● What you will do
Find the line with "this 1270×952 image." in the data below, then restate it and all remaining lines exactly, adding nothing.

● Given entries
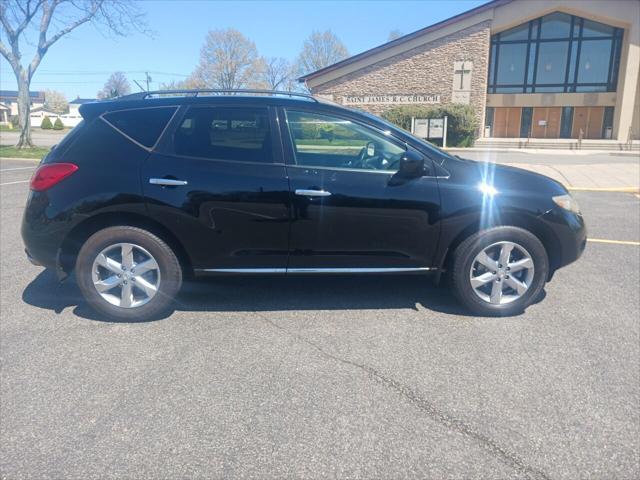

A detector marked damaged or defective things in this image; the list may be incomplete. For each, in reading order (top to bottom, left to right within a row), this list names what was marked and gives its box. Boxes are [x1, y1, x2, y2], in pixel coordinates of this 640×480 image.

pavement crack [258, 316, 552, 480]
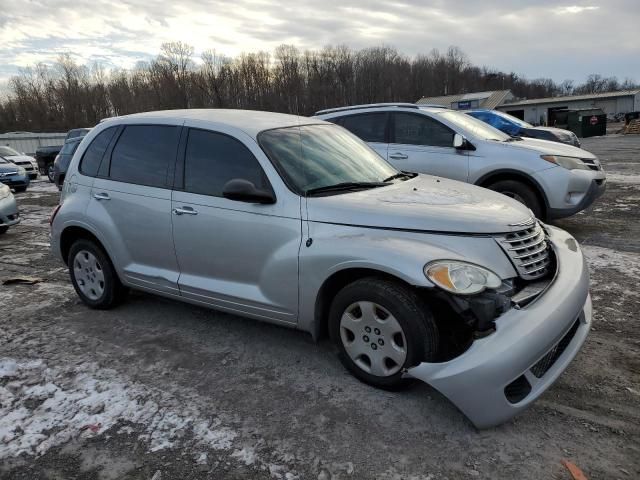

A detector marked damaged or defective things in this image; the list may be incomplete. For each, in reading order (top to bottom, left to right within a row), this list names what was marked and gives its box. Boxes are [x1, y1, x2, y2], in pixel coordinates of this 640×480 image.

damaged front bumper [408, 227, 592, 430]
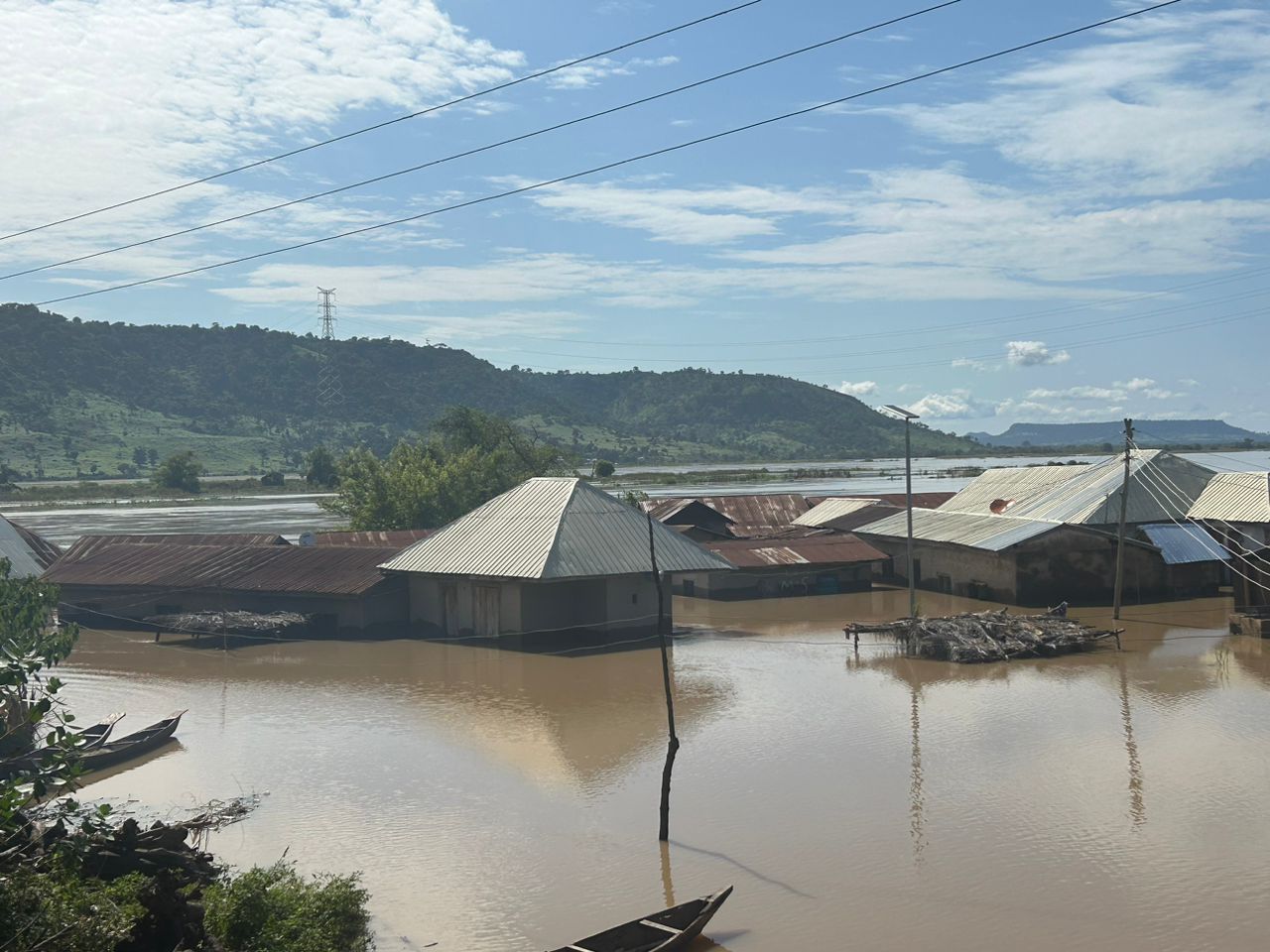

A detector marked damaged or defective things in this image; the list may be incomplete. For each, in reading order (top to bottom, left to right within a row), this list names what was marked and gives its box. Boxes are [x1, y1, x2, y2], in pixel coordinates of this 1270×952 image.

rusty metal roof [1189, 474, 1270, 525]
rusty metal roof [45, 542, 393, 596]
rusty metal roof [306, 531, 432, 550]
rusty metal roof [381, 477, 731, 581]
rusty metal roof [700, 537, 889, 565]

● Solution to this exercise
A detector marked damaged or defective things in this image; the list may be incomplete. For each, in reading order (top to bottom, left to right within a row), this list names what was marked and gives its box. Boxes are [x1, y1, x2, y2], in pixel coordinates of this 1270×952 image.

rusty metal roof [1189, 474, 1270, 525]
rusty metal roof [45, 542, 393, 596]
rusty metal roof [306, 531, 432, 550]
rusty metal roof [381, 477, 731, 581]
rusty metal roof [700, 537, 889, 565]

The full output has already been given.